Kevin has edited encyclopedias, taught middle and high school history, and has a master's degree in Islamic law.

The enslavement of Africans for work in American fields remains one of the darkest spots on the colonial period. This lesson explains how it evolved in the earliest days of the colonial period.

Prior to Plantations and Mining

Upon the arrival of Europeans in the New World and the establishment of the first colonies there, the need for African slaves was simply not apparent. For starters, the impressive amounts of wealth from the Aztec and Inca conquests convinced many Spaniards that the key to rule in the New World was conquering, not necessarily harvesting. Once those empires had disappeared, the viewpoint obviously changed, but natives would still play a role. The Spanish, the first Europeans to really build a substantial empire in the region, saw millions of natives as a source of free labor to work in mines and plantations. After all, they were already acclimated to the climate and were considered by racist observers at the time to be a more timid option. However, the natives died off quickly from exposure to Eurasian diseases, leaving a devastated workforce.

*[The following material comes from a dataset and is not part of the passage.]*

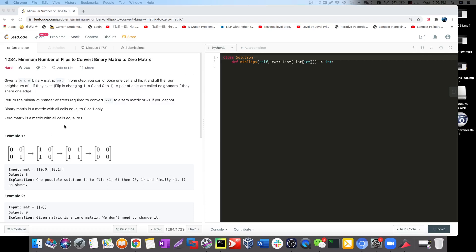Hey, welcome back. Today we're going to continue our journey with BFS. We're going to talk about the minimum number of flips to convert a binary matrix to a zero matrix.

To the north, some years later, the English had a similar concern in their sugar and tobacco colonies, albeit with a twist. This time, the natives were far from docile. After all, as much as we may romanticize the story of John Smith and Pocahontas, the fact is that Jamestown was right in the middle of the largest Native American state north of Mexico. Likewise, the colonists in the first sugar islands in the Lesser Antilles faced natives who were ferocious in battle. The immediate solution for the English was to import more Europeans as indentured servants, people who would work for a period of time to pay off their debts incurred by travelling to the New World, and would then receive a land grant to start their own farms. But this practice had its disadvantages. First of all, many of the indentured servants died before their term was up, meaning there weren't that many volunteers. Second, if a servant did survive, then he was given land and became a competitor of the original farmers.

Economics of Slavery

African slaves offered a solution. They were used to Eurasian pathogens, since, like the Europeans, they themselves had been exposed to them from an early age. Additionally, they were exposed to many tropical diseases that killed off so many Europeans. However, it wasn't simple biological resistance that made the Africans a tempting choice for the Europeans. Instead, it was sheer economics. An indentured servant would be a competitor within a decade. An African slave would still be an African slave in a decade. Also, a slave from Africa was cheaper than a European, and due to racist ideas at the time, many felt that the slave could be pressed harder into more demanding work quotas. That said, slaves were still a massive investment, which meant that the largest producers were the only ones who could afford them. However, once that investment was made, the sheer increase in productivity would crowd less wealthy planters out of business. With less competition, long-term prices could rise, perpetuating the system.